ROIs are extracted from labeled segmentation masks using scikit-image:

from openhcs.core.roi import extract_rois_from_labeled_mask

rois = extract_rois_from_labeled_mask(
    labeled_mask,
    min_area=10,  # Minimum area in pixels
    extract_contours=True  # Extract polygon contours vs binary masks
)

Extraction Process:

Use skimage.measure.regionprops to get region properties
Filter regions by minimum area threshold
Extract metadata (label, area, perimeter, centroid, bbox)
Extract shapes (polygon contours or binary masks)
Create immutable ROI objects

Skeleton masks require specialized extraction to preserve branch topology and connectivity. The standard extract_rois_from_labeled_mask() approach fragments skeletons at junctions, losing connectivity information.

Problem with Standard Extraction:

Using scipy.ndimage.label() treats skeletons as binary masks:

Fragments branches at junction points
Loses connectivity and topology information
Creates disconnected regions instead of continuous paths
Cannot distinguish individual branches

Solution: skan Branch Path Extraction:

Use skan.Skeleton to extract actual branch paths:

from skan import Skeleton
from openhcs.core.roi import PolylineShape, ROI

# Create skan Skeleton object
skeleton_obj = Skeleton(skeleton_mask)

# Extract each branch as a separate ROI
for branch_idx in range(skeleton_obj.n_paths):
    # Get pixel coordinates for this branch path
    # Returns (N, 2) array of (row, col) = (y, x) coordinates
    path_coords = skeleton_obj.path_coordinates(branch_idx)
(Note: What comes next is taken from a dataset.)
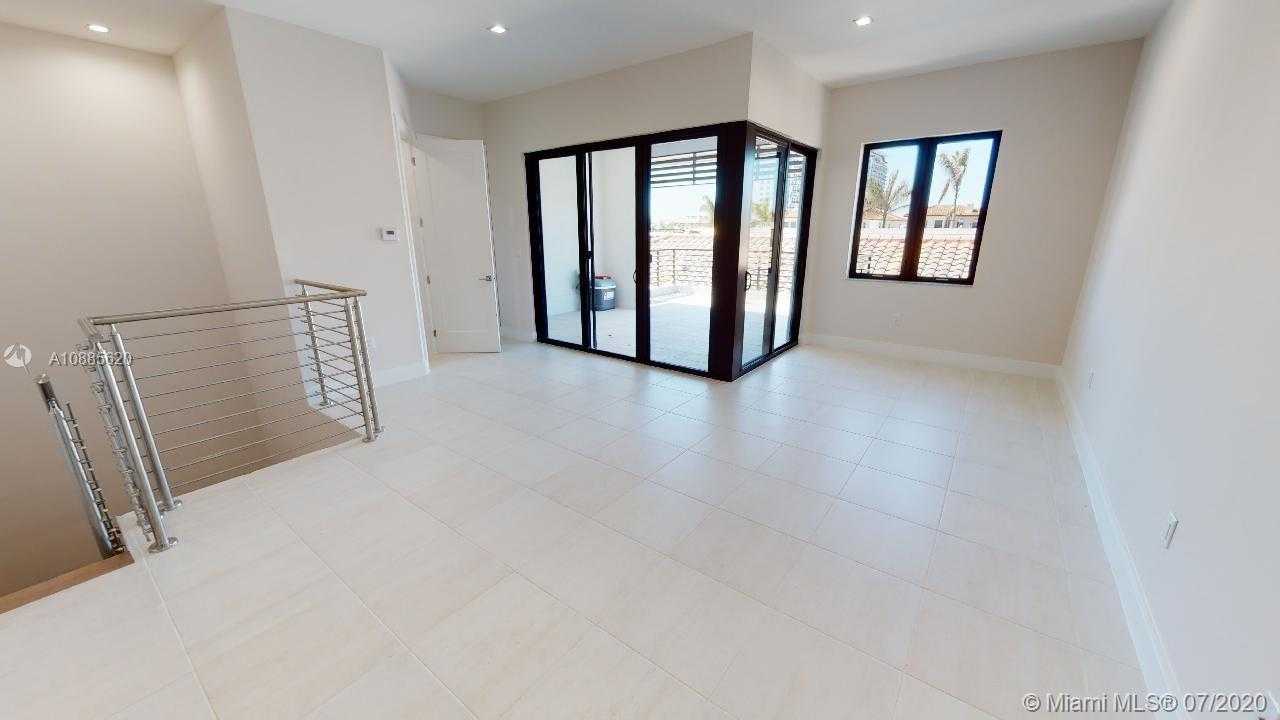Small Image of 8459 NORTH WEST 47TH TER, Doral Number 39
    # Create polyline shape from path coordinates
    # PolylineShape is for open paths (not closed polygons)
    shape = PolylineShape(coordinates=path_coords)

    # Create ROI with metadata
    metadata = {
        'position': z_idx,
        'label': f'Skeleton_Z{z_idx:03d}_Branch{branch_idx:03d}',
        'branch_index': branch_idx,
        'path_length': len(path_coords)
    }

    roi = ROI(shapes=[shape], metadata=metadata)

Benefits:

Preserves skeleton topology and connectivity
One ROI per continuous branch (not per connected component)
Compatible with skan’s graph-based skeleton analysis
Enables visual validation of skeleton analysis results
Proper polyline ROIs that represent skeleton structure

Implementation: openhcs/processing/backends/analysis/skan_axon_analysis.py::_skeleton_mask_to_rois()
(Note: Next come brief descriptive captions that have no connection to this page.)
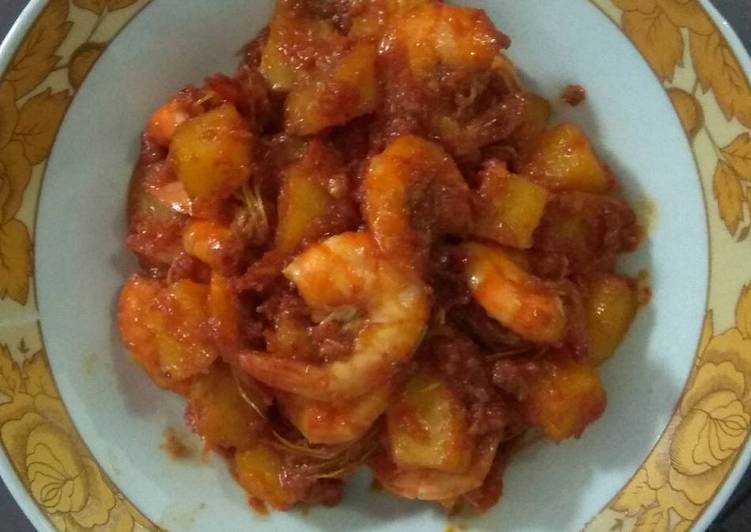 bahan dan cara membuat Udang kentang sambal balado spesial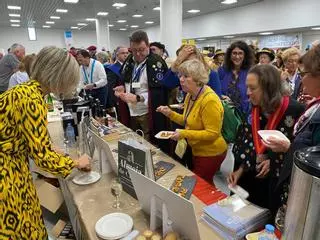 La almeja de Carril se luce en Francia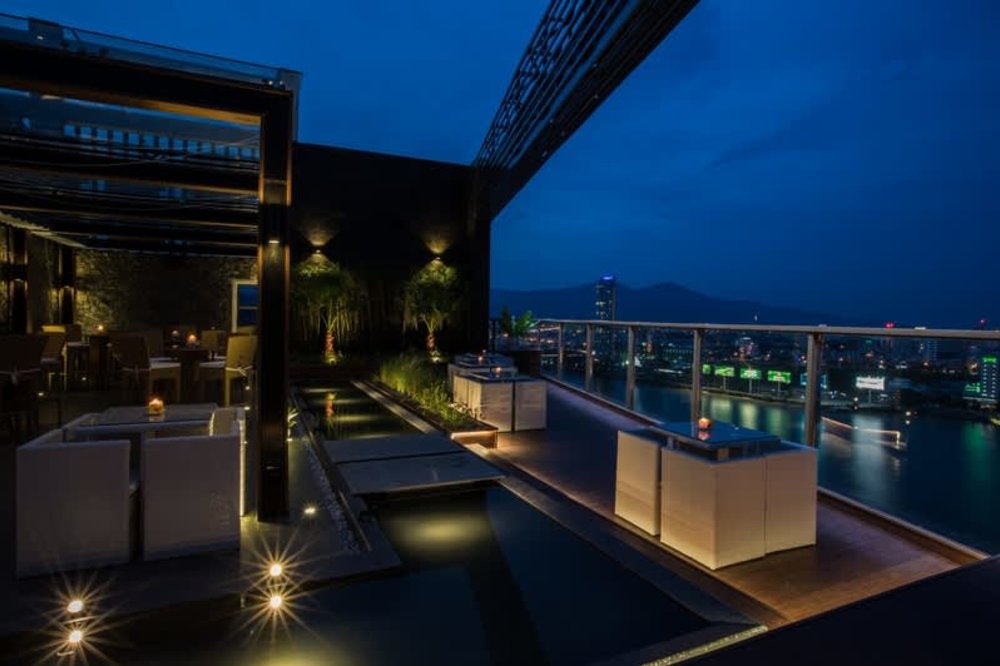 峴港住宿｜輝煌飯店頂樓Brilliant Top Bar酒吧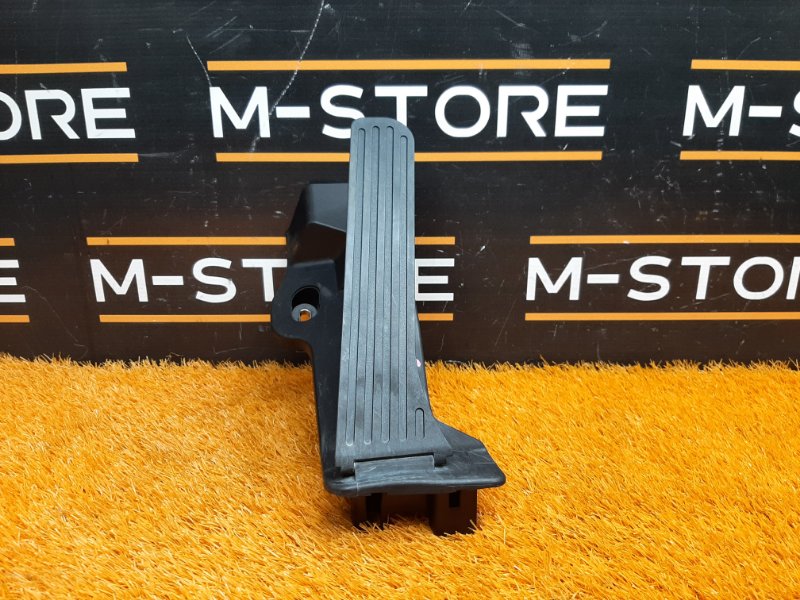 педаль газа, 500 рублей, Красноярск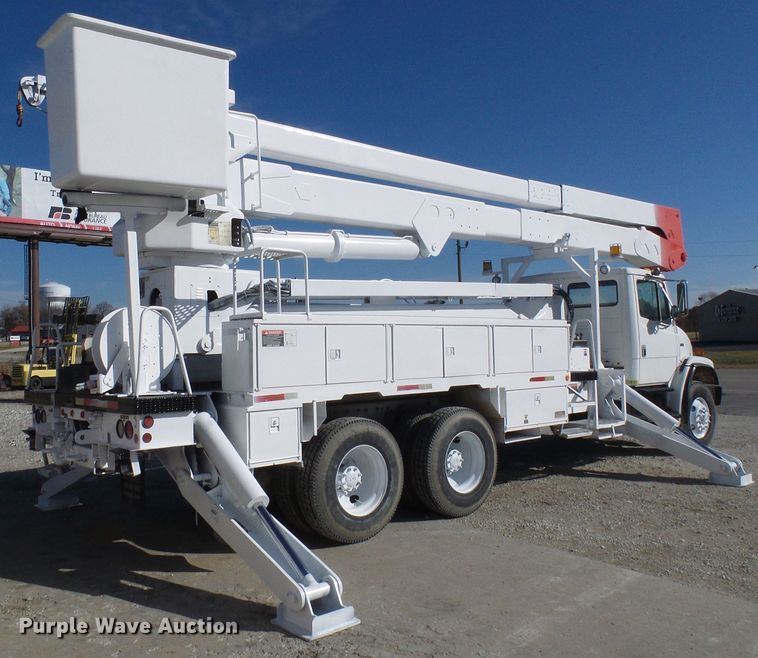 image for item DG5521 2002 Freightliner FL80 bucket truck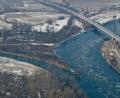 Bild: picture alliance / dpa
Auf diesem Bild aus dem Jahr 2012 ist die jetzt zur Sperrung anstehende Brücke zu sehen. (Archivbild)
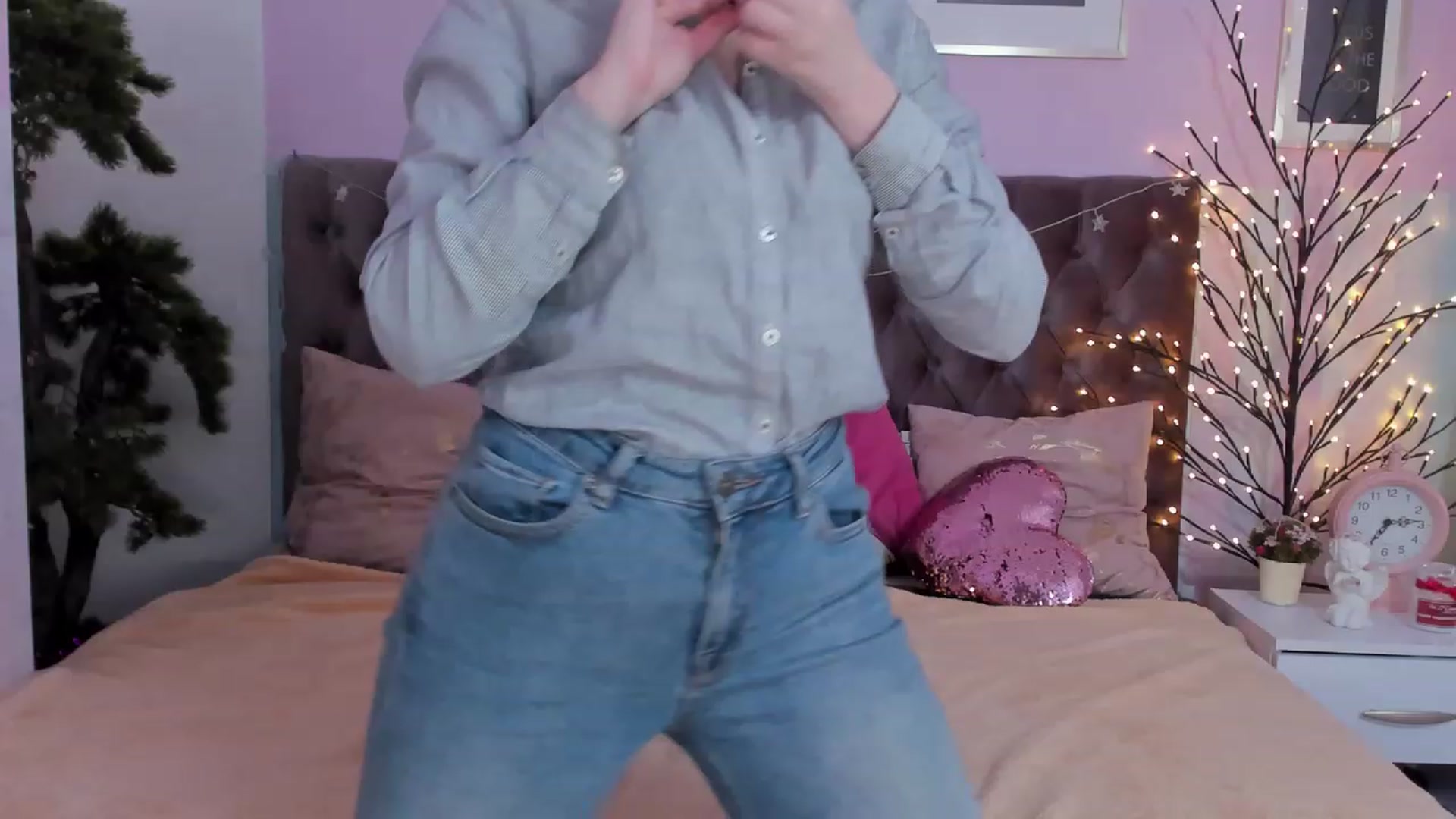Gallery image thumbnail from DellaRowe's myfreecams stream on, 03/19/2023, 11:47 image 13 of 20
ROIs are materialized to multiple backends simultaneously during pipeline execution:

def materialize_segmentation_masks(
    data: List[np.ndarray],
    path: str,
    filemanager,
    backends: Union[str, List[str]],
    backend_kwargs: dict = None
) -> str:
    """Materialize segmentation masks as ROIs to multiple backends."""

Backend-Specific Formats:

Disk: JSON file + ImageJ ROI format (.roi files)
OMERO: omero.model.RoiI objects linked to images
Napari: ZMQ streaming as shapes layers
Fiji: ZMQ streaming as ImageJ ROIs to ROI Manager

Per-Channel Materialization

For dict patterns (e.g., processing multiple channels), ROIs are materialized separately for each channel to preserve channel identity:

Path Structure:

# Single channel
A01_segmentation_masks_step7_rois.json

# Multi-channel (dict pattern)
A01_w1_segmentation_masks_step7_rois.json  # Channel 1
A01_w2_segmentation_masks_step7_rois.json  # Channel 2

Implementation (openhcs/core/steps/function_step.py):

# For dict patterns, materialize each channel separately
if is_dict_pattern and dict_keys:
    for dict_key in dict_keys:
        # Construct channel-specific path
        channel_path = f"{dir_part}/{well_id}_w{dict_key}_{rest}"
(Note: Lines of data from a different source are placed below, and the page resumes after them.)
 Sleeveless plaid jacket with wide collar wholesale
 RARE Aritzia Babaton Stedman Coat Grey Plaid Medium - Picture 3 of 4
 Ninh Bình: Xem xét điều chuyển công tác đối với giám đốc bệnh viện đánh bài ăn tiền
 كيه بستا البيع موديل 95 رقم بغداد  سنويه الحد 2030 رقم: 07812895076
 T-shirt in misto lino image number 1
        # Load channel data
        channel_data = filemanager.load(channel_path, Backend.MEMORY.value)

        # Materialize to all backends
        result_path = mat_func(channel_data, str(analysis_path),
                               filemanager, backends, backend_kwargs)

Backend-Specific Implementation

Disk Backend

Location: openhcs/io/disk.py

Saves ROIs in two formats:

JSON Format: Human-readable ROI data with metadata
ImageJ Format: Binary .roi files for ImageJ/Fiji compatibility

def _save_rois(self, rois: List, output_path: Path, **kwargs) -> str:
    """Save ROIs to disk in JSON and ImageJ formats."""

    # Save JSON
    roi_data = [self._roi_to_dict(roi) for roi in rois]
    json_path = output_path.with_suffix('.json')
    json_path.write_text(json.dumps(roi_data, indent=2))

    # Save ImageJ ROIs
    imagej_dir = output_path.with_name(f"{output_path.stem}_rois")
    for roi in rois:
        # Convert to ImageJ format using roifile library
        ...

OMERO Backend

Location: openhcs/io/omero_local.py

Creates omero.model.RoiI objects and links them to images:

def _save_rois(self, rois: List, output_path: Path, images_dir: str = None, **kwargs) -> str:
    """Create OMERO ROIs and link to images."""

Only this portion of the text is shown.